See Reduced Rates, 1922, 68 I.C.C. 676; 69 I.C.C. 138.
[
Footnote 10]
This, they illustrate by an hypothetical case of a $1 rate from
a station on the Orient to a station on the Santa Fe for which
existing divisions are 20 cents to the Orient and 80 cents to the
Santa Fe. An increase of the Orient's division 25 percent would
have reduced the Santa Fe's division only 6 1/4 percent, while the
order made, by reducing the Santa Fe's division 25 percent,
increases that of the Orient 100 percent
[
Footnote 11]
These include for each of the carriers the data showing for the
year freight tons, one mile; passengers, one mile; all revenue car
miles; all revenue train miles; the total operating revenue; total
operating expenses; net revenue and investment in road and
equipment -- and they involved calculation of the respective gross
revenues per ton mile, per car mile, per train mile; operating
expenses per train mile, per car mile, per ton mile; net revenue
per ton mile, per car mile, per train mile; the return per $1,000
of investment, on the gross revenue, the net revenue, and the
railway operating income; the percentage of return on the gross
revenue, the net revenue and the operating income. The net railway
operating income for each of the lines is in the record.
[
Footnote 12]
Rule XIII, as in force prior to the revision of December 10,
1923, provides, in part:
"Where relevant and material matter offered in evidence is
embraced in a document containing other matter not material or
relevant and not intended to be put in evidence, such document will
not be received, but the party offering the same shall present to
opposing counsel and to the Commission true copies of such material
and relevant matter, in proper form, which may be received in
evidence and become part of the record."
"In case any portion of a tariff, report, circular, or other
document on file with the Commission is offered in evidence, the
party offering the same must give specific reference to the items
or pages and lines thereof to be considered.
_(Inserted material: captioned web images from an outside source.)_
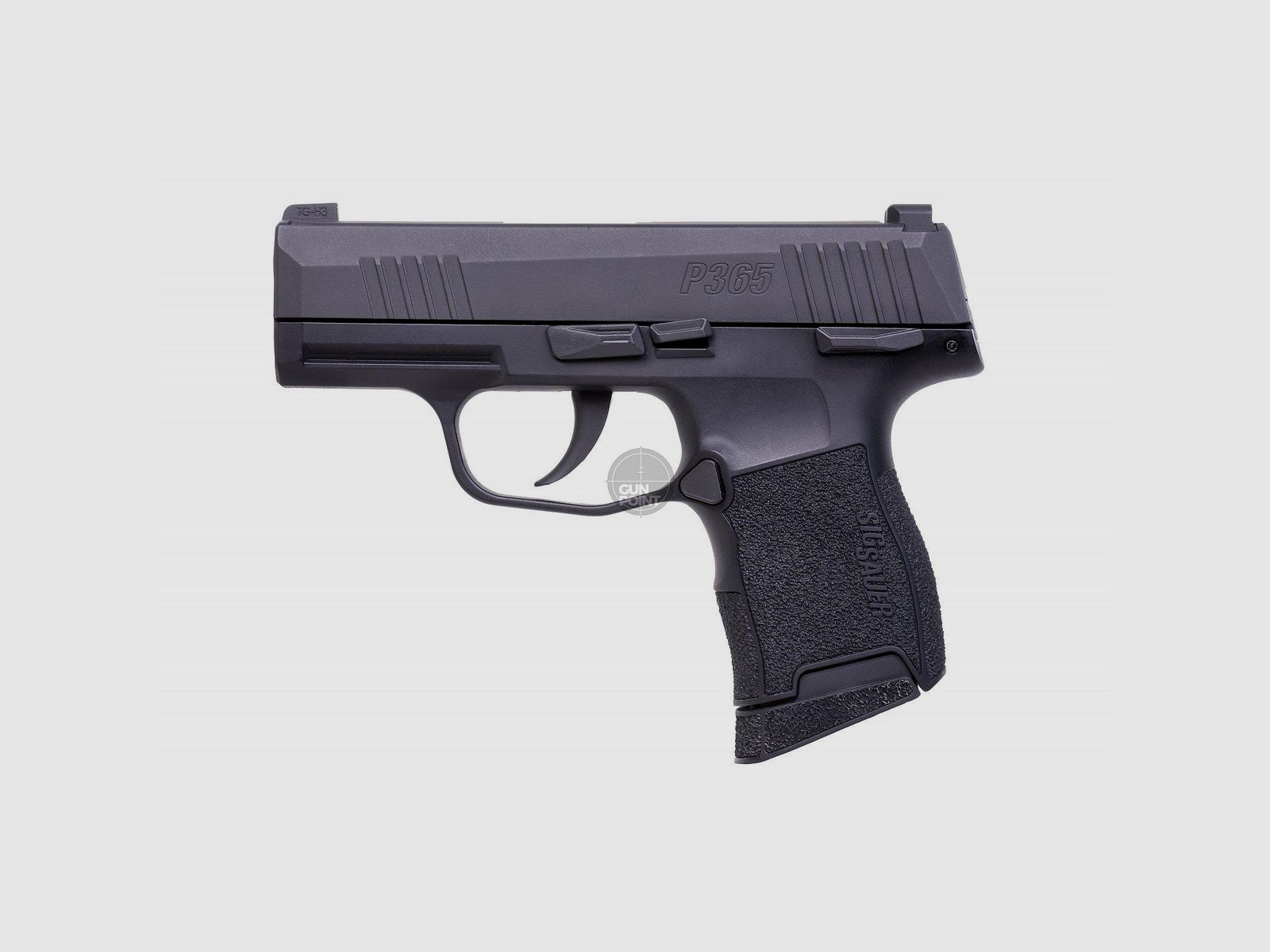 Luftpistole - Sig Sauer - P365 BlowBack - Kal. 4,5 mm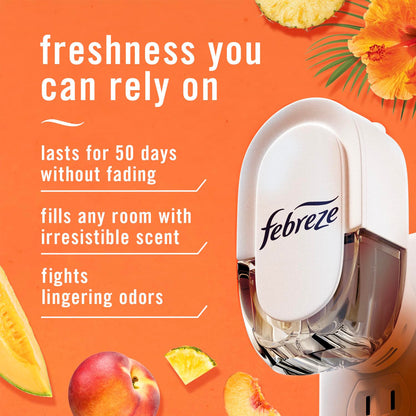 Febreze Area Deodorizer 91323541, 2.61 Fl Oz – view 2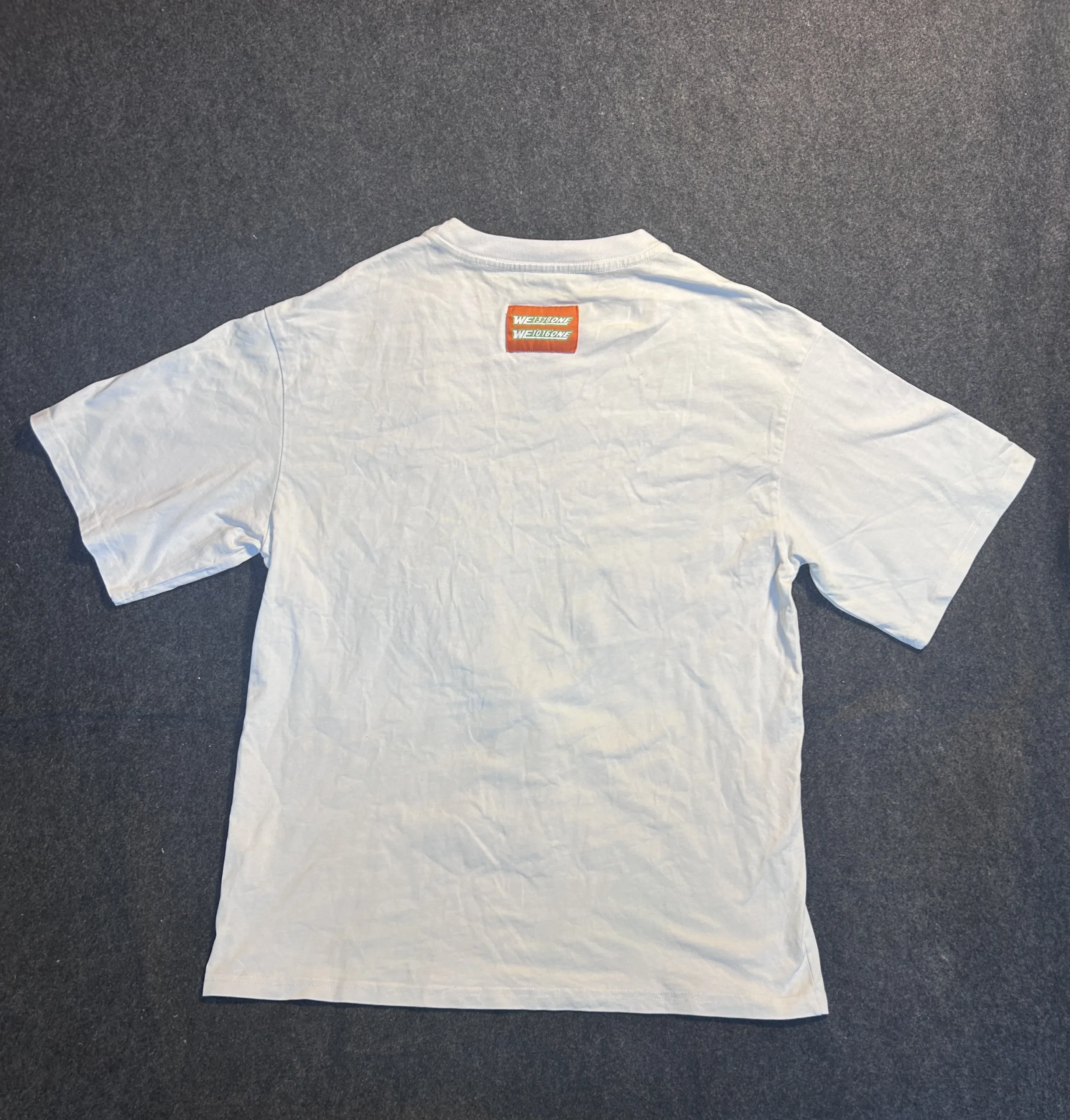 White T-Shirt alternate view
The Commission will
take notice of items in tariffs and annual or other periodical
reports of carriers properly on file with it or in annual,
statistical, or other official reports of the Commission. When it
is desired to direct the Commission's attention to such tariffs or
reports upon hearing or in briefs or argument, it must be done with
the precision specified in the second preceding sentence. In case
any testimony in other proceedings than the one on hearing is
introduced in evidence, a copy of such testimony must be presented
as an exhibit. When exhibits of a documentary character are to be
offered in evidence, copies should be furnished opposing counsel
for use at the hearing."
[
Footnote 13]
Its observance will not hamper the Commission in the performance
of its duties. For, if the materiality of some fact in a report is
not discovered by the Commission until after the close of the
hearing, there is power to reopen it for the purpose of introducing
the evidence.
[
Footnote 14]
The exhibits showed for the year 1921, the volume of traffic
moving on joint rates and interchanged between the Orient and each
of its direct connections; the part of the joint service performed
by the Orient and the part performed by its connection; the revenue
arising from the joint service, and how that revenue was divided.
For example: the exhibits showed that, during 1921, the Santa Fe
and the Orient interchanged 26,278 tons of freight; that, with
respect to such freight, the Orient performed 8,162,294 ton-miles
of transportation and the Santa Fe 5,793,098 ton-miles; that the
revenue arising from this joint service was $218,827.71, of which
the Orient received $106,889.59 and the Santa Fe $111,938.12; that
the per ton-mile revenue of the Orient was 1.309 cents and the per
ton-mile revenue of the Santa Fe 1.932 cents.